(DATA Opens)

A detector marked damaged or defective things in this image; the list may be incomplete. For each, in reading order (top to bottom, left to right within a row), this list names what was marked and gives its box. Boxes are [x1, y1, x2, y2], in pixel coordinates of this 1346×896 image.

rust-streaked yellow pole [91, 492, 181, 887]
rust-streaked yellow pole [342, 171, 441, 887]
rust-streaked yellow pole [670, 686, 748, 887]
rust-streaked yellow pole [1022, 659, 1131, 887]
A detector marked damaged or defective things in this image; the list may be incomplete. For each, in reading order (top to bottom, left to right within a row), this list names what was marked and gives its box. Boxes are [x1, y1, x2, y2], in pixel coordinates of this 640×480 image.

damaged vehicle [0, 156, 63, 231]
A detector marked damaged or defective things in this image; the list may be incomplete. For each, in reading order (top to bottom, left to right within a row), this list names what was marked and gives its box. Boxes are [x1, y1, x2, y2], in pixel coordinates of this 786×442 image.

(DATA Closes)
(DATA Opens)

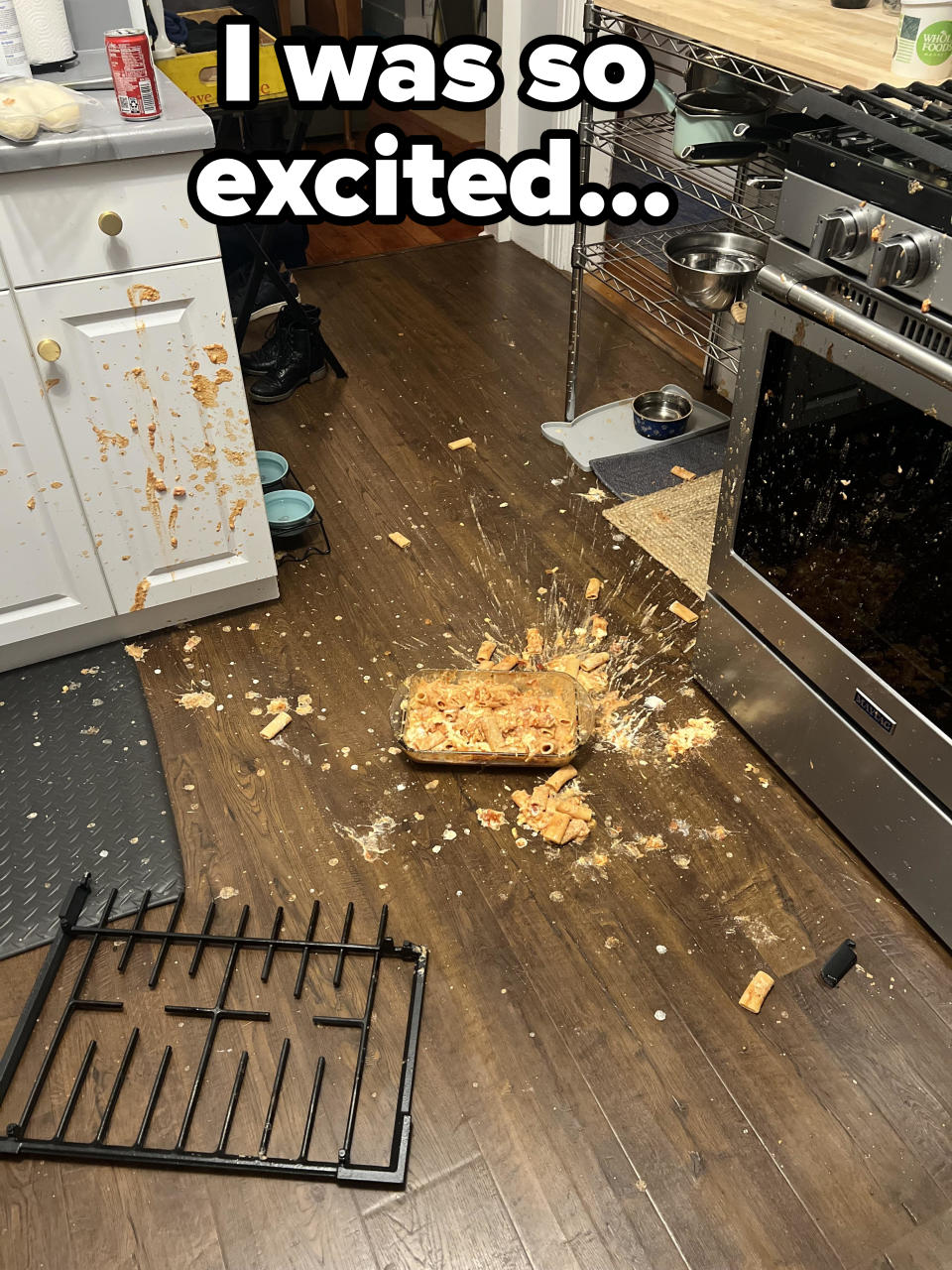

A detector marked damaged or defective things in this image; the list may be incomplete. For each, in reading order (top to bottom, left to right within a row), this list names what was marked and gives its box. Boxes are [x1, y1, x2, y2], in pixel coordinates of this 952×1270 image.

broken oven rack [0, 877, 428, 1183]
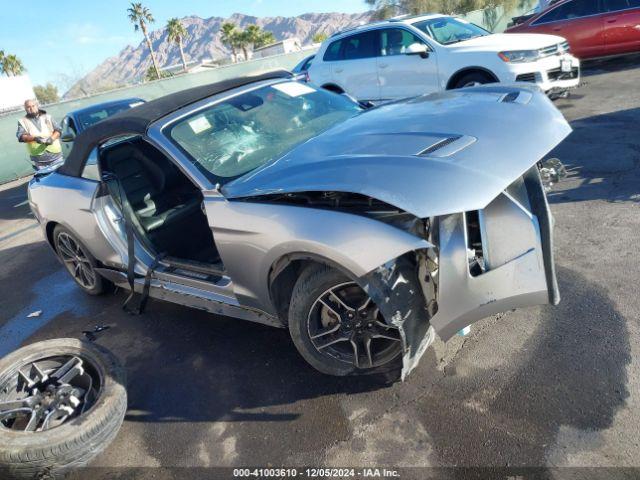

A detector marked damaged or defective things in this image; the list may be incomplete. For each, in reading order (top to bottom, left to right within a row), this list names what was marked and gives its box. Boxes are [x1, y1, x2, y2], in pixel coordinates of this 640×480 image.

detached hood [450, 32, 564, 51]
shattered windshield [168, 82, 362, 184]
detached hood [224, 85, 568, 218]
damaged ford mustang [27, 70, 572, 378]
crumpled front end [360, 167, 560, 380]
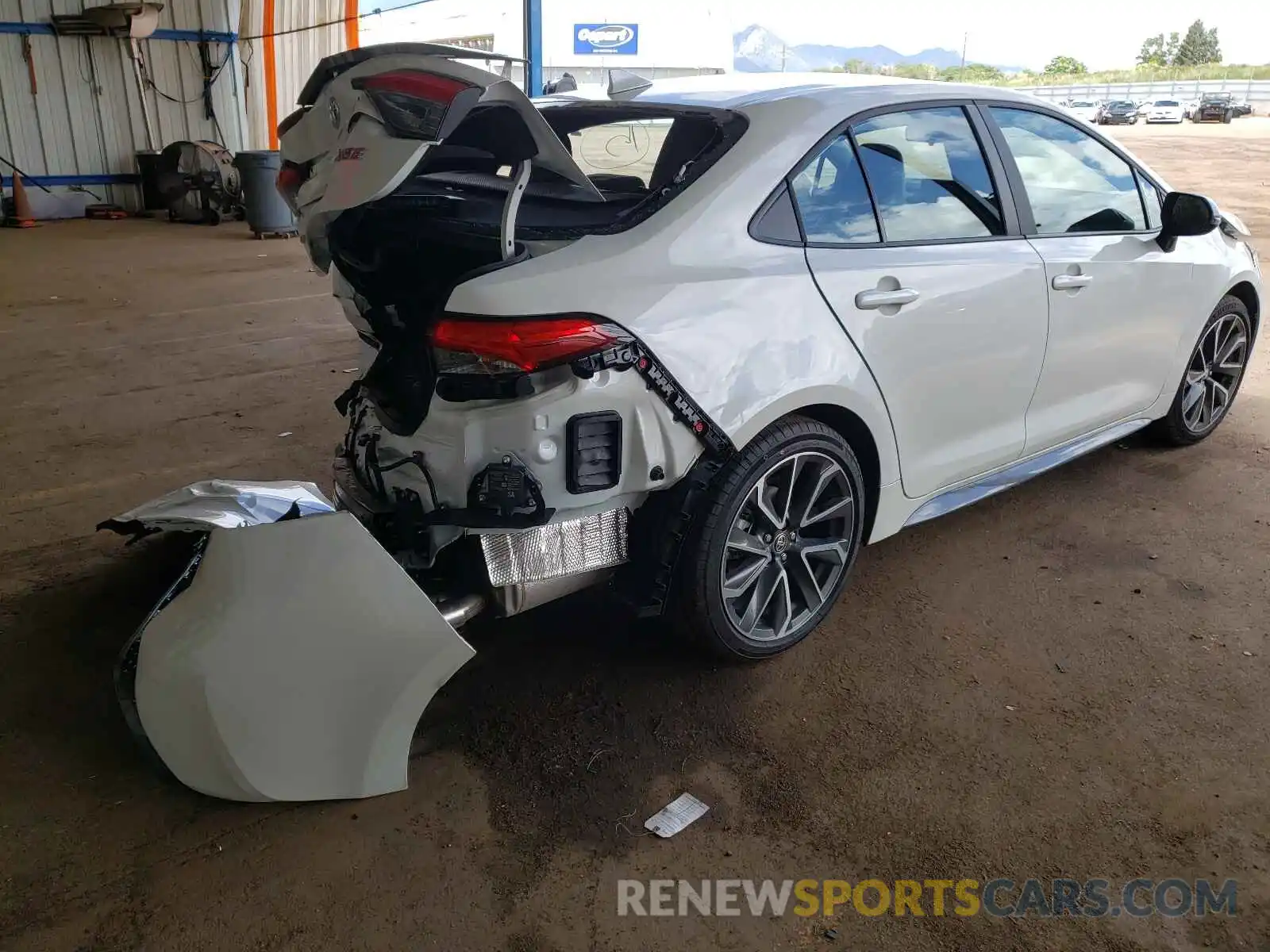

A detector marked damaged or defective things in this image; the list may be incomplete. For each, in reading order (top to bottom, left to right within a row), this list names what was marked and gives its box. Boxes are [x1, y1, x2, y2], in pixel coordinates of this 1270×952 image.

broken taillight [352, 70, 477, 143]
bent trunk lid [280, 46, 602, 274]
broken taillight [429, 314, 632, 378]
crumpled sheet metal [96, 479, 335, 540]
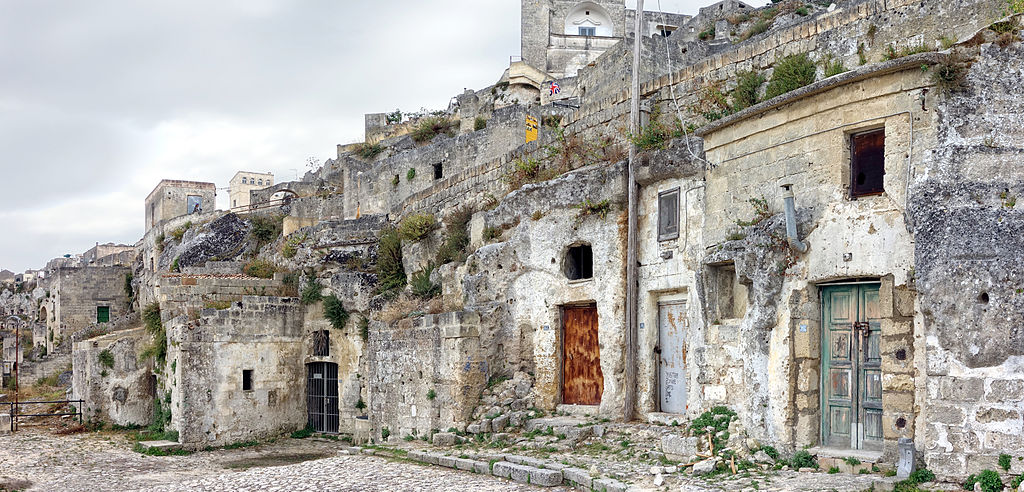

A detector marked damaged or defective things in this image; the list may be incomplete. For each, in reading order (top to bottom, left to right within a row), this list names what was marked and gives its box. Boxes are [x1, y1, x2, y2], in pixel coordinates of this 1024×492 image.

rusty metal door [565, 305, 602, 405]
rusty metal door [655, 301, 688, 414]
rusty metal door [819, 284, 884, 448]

(DATA Closes)

WHAT IS BEING ASKED: Among the lines above, repeat exactly those from the line with "this 1346×896 image." to the line with "this 786×442 image.", counting both ends.

OUTPUT OF THE TASK:
A detector marked damaged or defective things in this image; the list may be incomplete. For each, in reading order (top to bottom, left to right within a row), this list names what was marked and gives its box. Boxes are [x1, y1, x2, y2], in pixel coordinates of this 1346×896 image.

rust-streaked yellow pole [91, 492, 181, 887]
rust-streaked yellow pole [342, 171, 441, 887]
rust-streaked yellow pole [670, 686, 748, 887]
rust-streaked yellow pole [1022, 659, 1131, 887]
A detector marked damaged or defective things in this image; the list may be incomplete. For each, in reading order (top to bottom, left to right within a row), this list names what was marked and gives its box. Boxes are [x1, y1, x2, y2], in pixel coordinates of this 640×480 image.

damaged vehicle [0, 156, 63, 231]
A detector marked damaged or defective things in this image; the list may be incomplete. For each, in reading order (top to bottom, left to right within a row), this list names what was marked and gives its box. Boxes are [x1, y1, x2, y2], in pixel coordinates of this 786×442 image.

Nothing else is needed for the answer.